### Task details
When you reach the line containing "this 640×480 image.", please repeat it and every line after it exactly, through the end of the listing below, skipping pictures.
━━━━
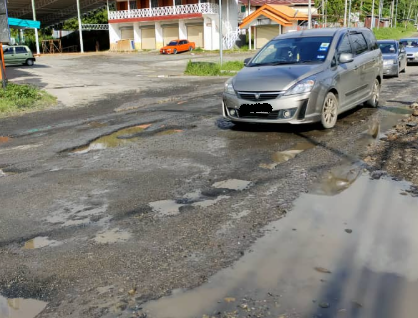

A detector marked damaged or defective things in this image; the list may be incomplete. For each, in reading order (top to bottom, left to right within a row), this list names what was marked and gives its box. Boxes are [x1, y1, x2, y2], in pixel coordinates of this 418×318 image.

pothole-filled road [0, 65, 416, 318]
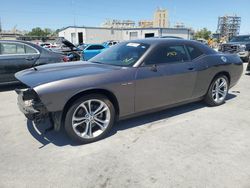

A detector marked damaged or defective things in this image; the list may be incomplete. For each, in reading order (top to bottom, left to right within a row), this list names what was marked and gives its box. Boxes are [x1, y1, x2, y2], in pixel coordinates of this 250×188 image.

damaged front bumper [15, 88, 48, 122]
exposed wheel well [60, 89, 119, 125]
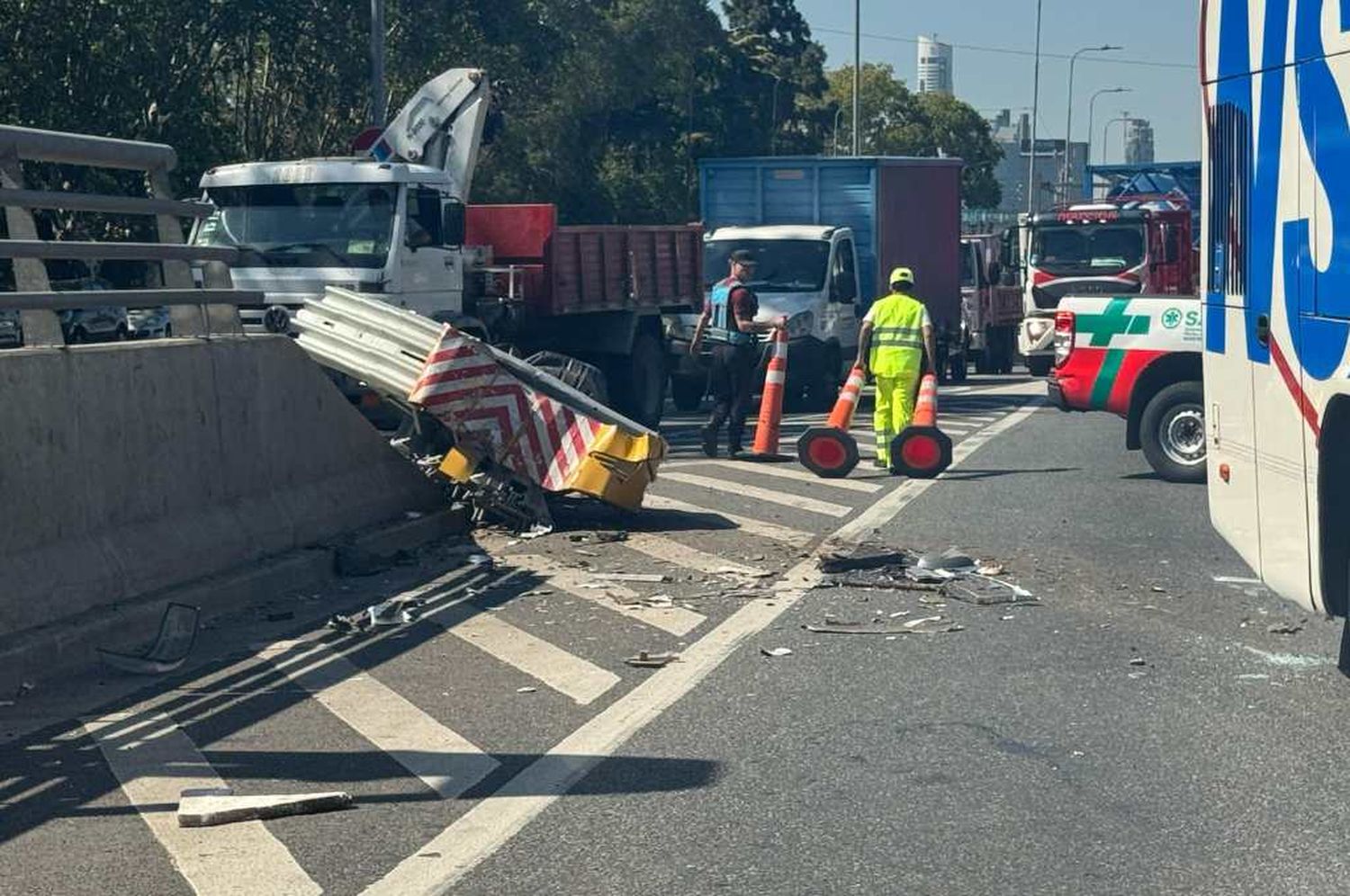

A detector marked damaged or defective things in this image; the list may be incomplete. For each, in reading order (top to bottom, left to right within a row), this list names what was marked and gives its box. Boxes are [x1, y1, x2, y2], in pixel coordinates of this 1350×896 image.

damaged guardrail [301, 287, 670, 526]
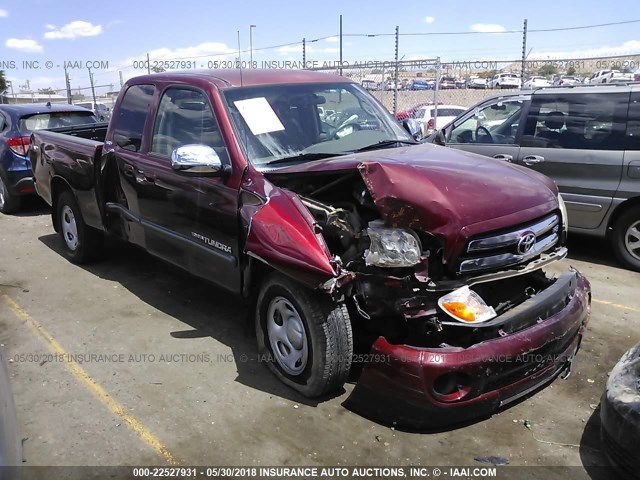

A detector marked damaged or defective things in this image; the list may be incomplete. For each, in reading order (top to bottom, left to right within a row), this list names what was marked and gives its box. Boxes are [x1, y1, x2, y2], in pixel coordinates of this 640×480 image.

broken headlight [362, 226, 422, 268]
crumpled hood [268, 143, 556, 262]
damaged front end [244, 161, 592, 428]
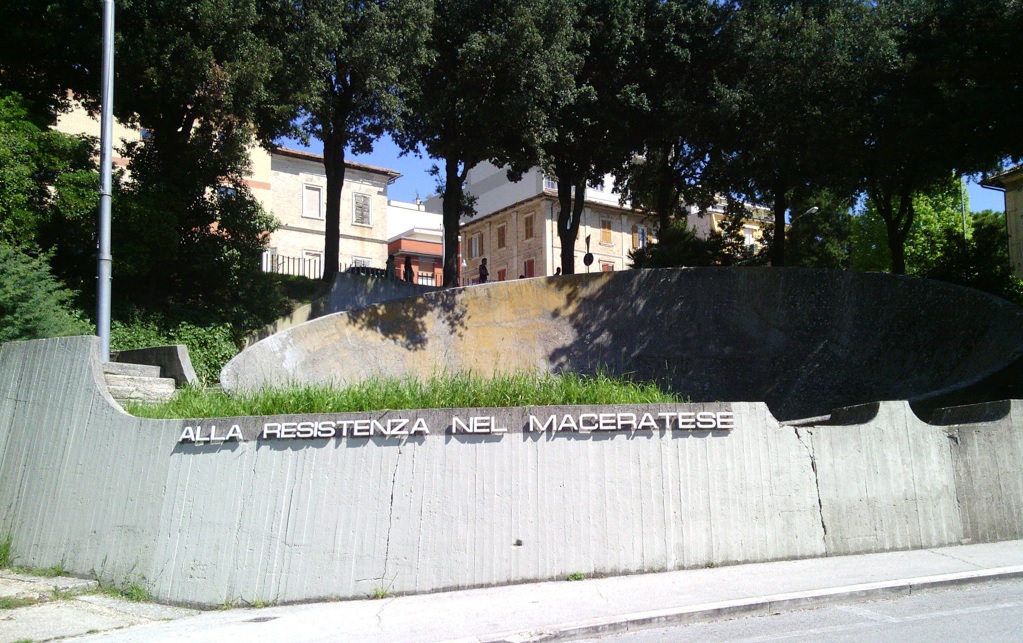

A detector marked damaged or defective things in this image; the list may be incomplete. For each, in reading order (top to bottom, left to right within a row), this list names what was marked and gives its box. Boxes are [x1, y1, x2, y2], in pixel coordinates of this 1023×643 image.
━━━━
### Exercise result
A detector marked damaged or defective things in this image; the list may be incomplete. For each, in reading order (top to bottom, left to right within a row), this list names what was marked and gives its box. Boxes are [x1, y1, x2, y2], in pixel coordinates of this 640×480 image.

broken headlight [362, 226, 422, 268]
crumpled hood [268, 143, 556, 262]
damaged front end [244, 161, 592, 428]

A detector marked damaged or defective things in this image; the list may be incomplete. For each, in reading order (top to bottom, left to right within a row), this list names what was marked and gives its box. Boxes are [x1, y1, x2, y2], in pixel coordinates of this 1023×643 image.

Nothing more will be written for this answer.